▶ Given material:
· · ·

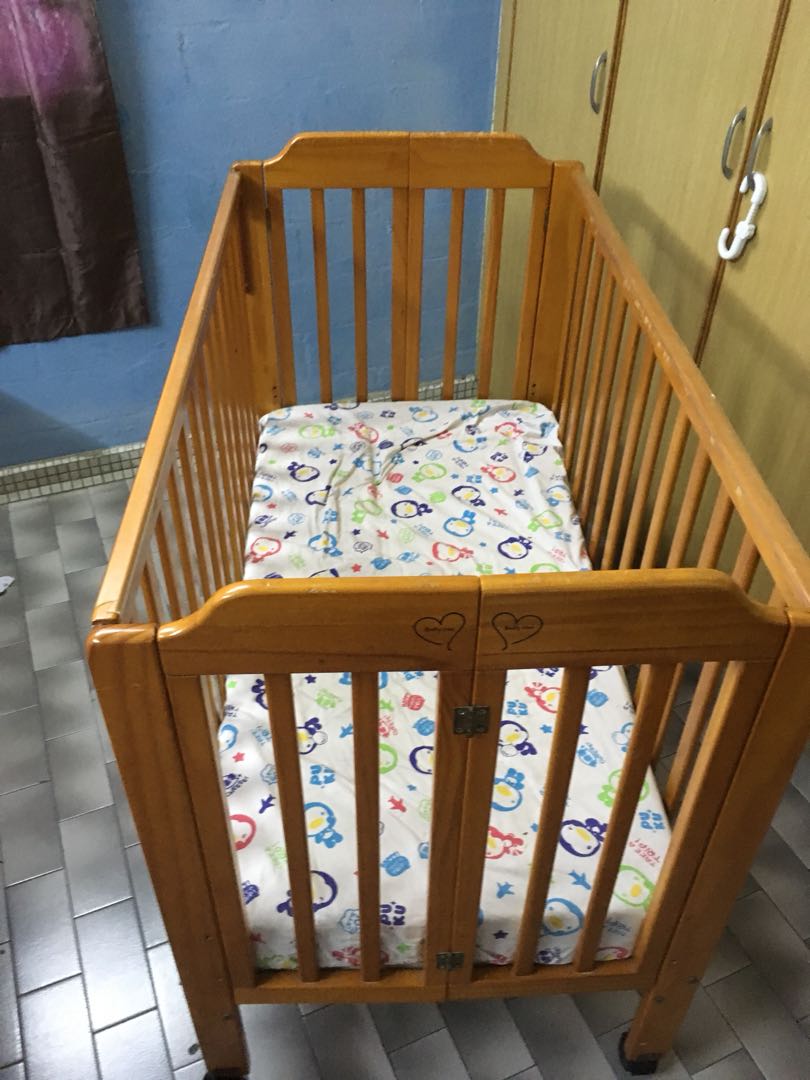 baby cot for sale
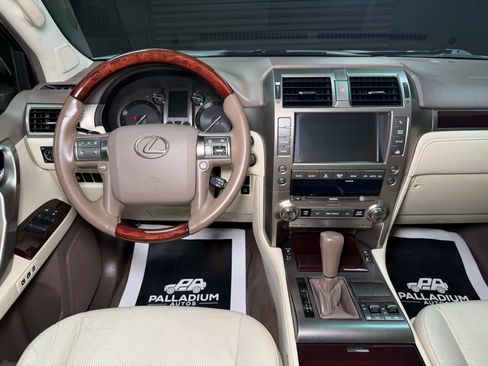 Used 2016 Lexus GX 460 image 33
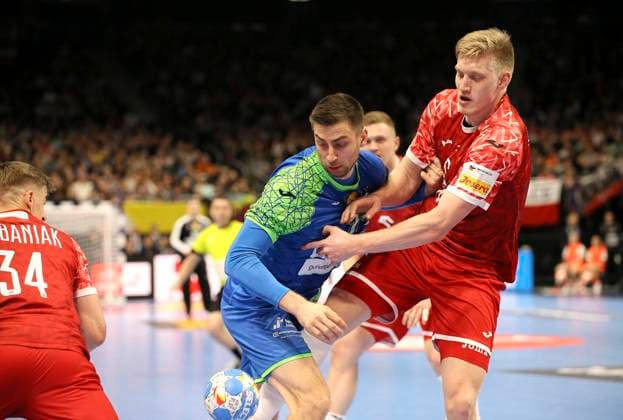 Foto : Nejc CEHTE (Slowenien) gegen Ariel PIETRASIK (Polen , rechts) Handball Europameisterschaft, Vorrunde in Berlin , am Sa. 13.01.2024 Polen - Slowenien 25 - 32 Claus Bergmann DFL regulations prohibit any use of photographs as image sequences and or quasi-video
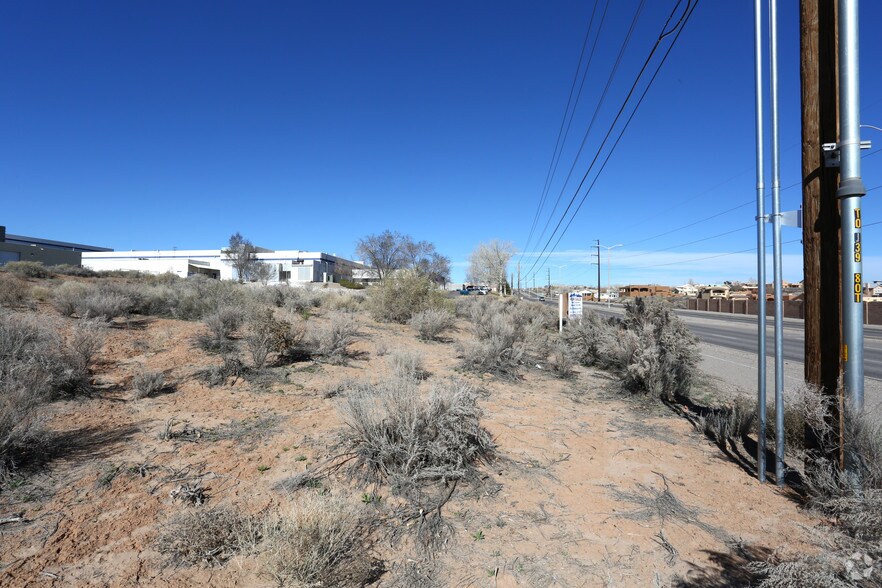561 Vortex Rd NE, Rio Rancho, NM à vendre - Photo principale – Image 1 sur 2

· · ·

▶ Assignment:
Repeat every line above exactly, but omit all images.

▶ Answer space:
 baby cot for sale
 Used 2016 Lexus GX 460 image 33
 Foto : Nejc CEHTE (Slowenien) gegen Ariel PIETRASIK (Polen , rechts) Handball Europameisterschaft, Vorrunde in Berlin , am Sa. 13.01.2024 Polen - Slowenien 25 - 32 Claus Bergmann DFL regulations prohibit any use of photographs as image sequences and or quasi-video
561 Vortex Rd NE, Rio Rancho, NM à vendre - Photo principale – Image 1 sur 2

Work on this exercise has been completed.